D. L. Birchfield has written a very funny book. This murder mystery offers nods to classic examples of the genre and manages to have a lot more going on than the unfortunate death and subsequent investigation of which our protagonist is a crucial part. Hom-Astubby, also known as William Mallory, is an outdoor photographer of Choctaw heritage. Within the first chapter, we learn of his bumpy career working as a photojournalist for, and being fired from, a string of small western newspapers. His "casual" book-keeping as a freelancer led to harassment by the IRS, which in turn propelled him into law school. However, having a new law degree in hand causes him so much anxiety that he can't bring himself to actually practice law. Instead, Hom-Astubby travels the world with field-and-stream types photographing their adventures for various magazines and publishing photography how-to textbooks on the side. His unique way of making life choices brings Hom Astubby remarkably good luck and equally unfathomable degrees of anxiety requiring a perpetual search for some equilibrium in his life. As Birchfield writes, "He didn't want to go through life never having a moment of peace, not knowing for sure whether he had settled in for a leisurely stroll along Easy Street or might be headed for a long stretch in a federal penitentiary" (11).

Birchfield judiciously presents Choctaw culture and tribal history. Excerpts from the 1802 and 1803 U.S. treaties with the Choctaw appear in the foreword citing a list of goods given in exchange for Choctaw land; among the paltry terms is one black silk handker-chief, an item symbolic to Hom-Astubby for his family's involvement in the negotiations. Elsewhere, Choctaw social structure gets some review via Hom-Astubby's personal ruminations on his social interactions with the descendents of European immigrants.
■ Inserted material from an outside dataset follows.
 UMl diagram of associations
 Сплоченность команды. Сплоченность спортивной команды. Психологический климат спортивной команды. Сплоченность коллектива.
Hom-Astubby is not one to live in either a romanticized or bitter past. He enjoys his job and does what he can to avoid the stress that seems to go along with contemporary urban society. A regular [End Page 90] guy, he still gets caught up in forces that he can't fail but notice are very similar to those that dispossessed his family and tribe two hundred years earlier. Among them are power brokers in public offices who often fail to protect the rights of the less powerful and a paparazzi approach to journalism that serves up gossip in place of usable information.
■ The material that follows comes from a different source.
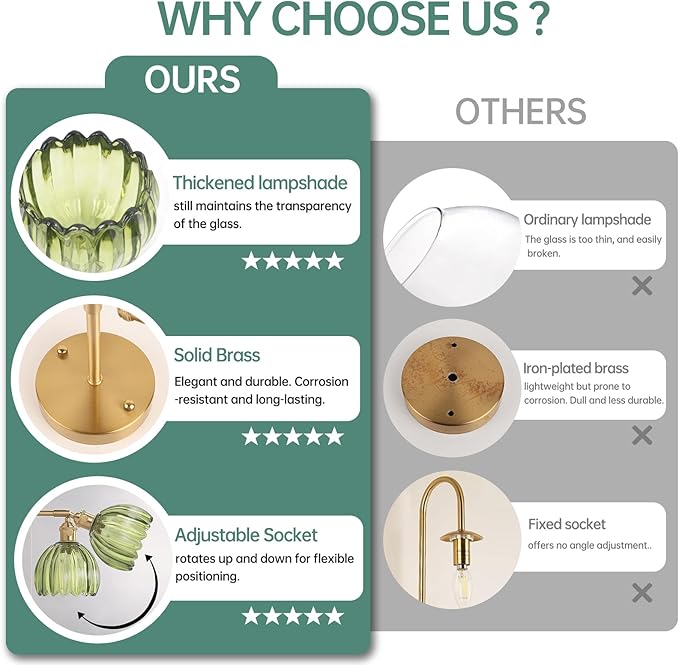 Plug in Wall Sconce, Green Tulip Glass Lampshade Wall Light Plugin Corded for Bedside Bedroom Doorway, 2 Pack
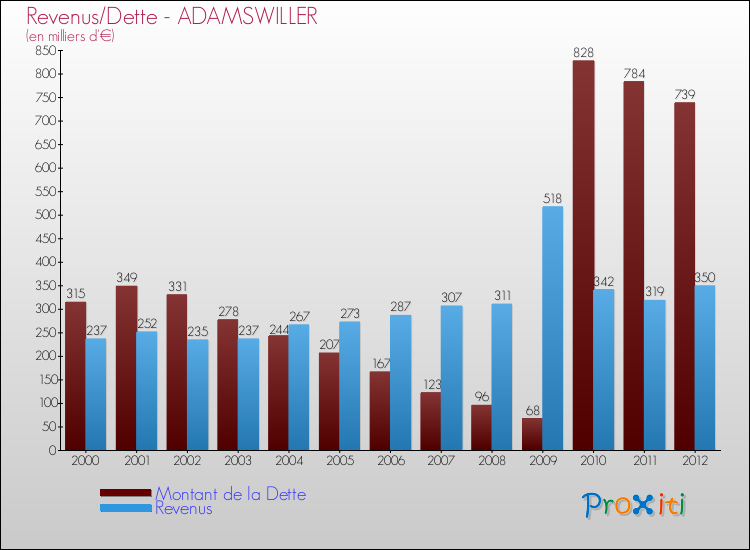Evolution comparée de la dette et des revenus pour la commune de ADAMSWILLER de 2000 à 2012 Comparaison de la dette et des revenus pour ADAMSWILLER de 2000 à 2012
Hom-Astubby has plenty of back story, including hitting a progressive jackpot at a New Mexico Indian casino for eight million dollars and then buying a horse ranch from eccentric billionaire Arlington Billington just weeks before the man dies. Fear of the IRS and his own blood-sucking lawyers sends Hom-Astubby fleeing to another outdoor assignment, where his sharp (photographer's) eye for detail drops him right into the middle of this book's adventure. He discovers the half-naked body of a beautiful woman and can't resist making a few photographs of her and her playful companion, a huge Newfoundland dog. Hom-Astubby reports his discovery to local Sheriff Klewlusz (whose amiable, attentive nature contradicts Birchfield's choice of name), and events soon get spun into full-fledged media circus. Suspicion and fear circulates around Nelson Towers, a developer and multinational corporate overlord who is creating a personal estate of royal proportions by buying up private land and cutting off access to surrounding public lands. It comes as no surprise when Hom-Astubby realizes Towers is the man responsible for the series of newspaper buyouts that repeatedly left him without a job. While still a photojournalist, Hom-Astubby pursued an investigation into Towers's business practices and made himself an enemy in the process. But Towers isn't the only one trying to use the mountains as a hideout. Birchfield offers plenty of twists and parallel plots to keep outcomes unforeseen until the final chapter.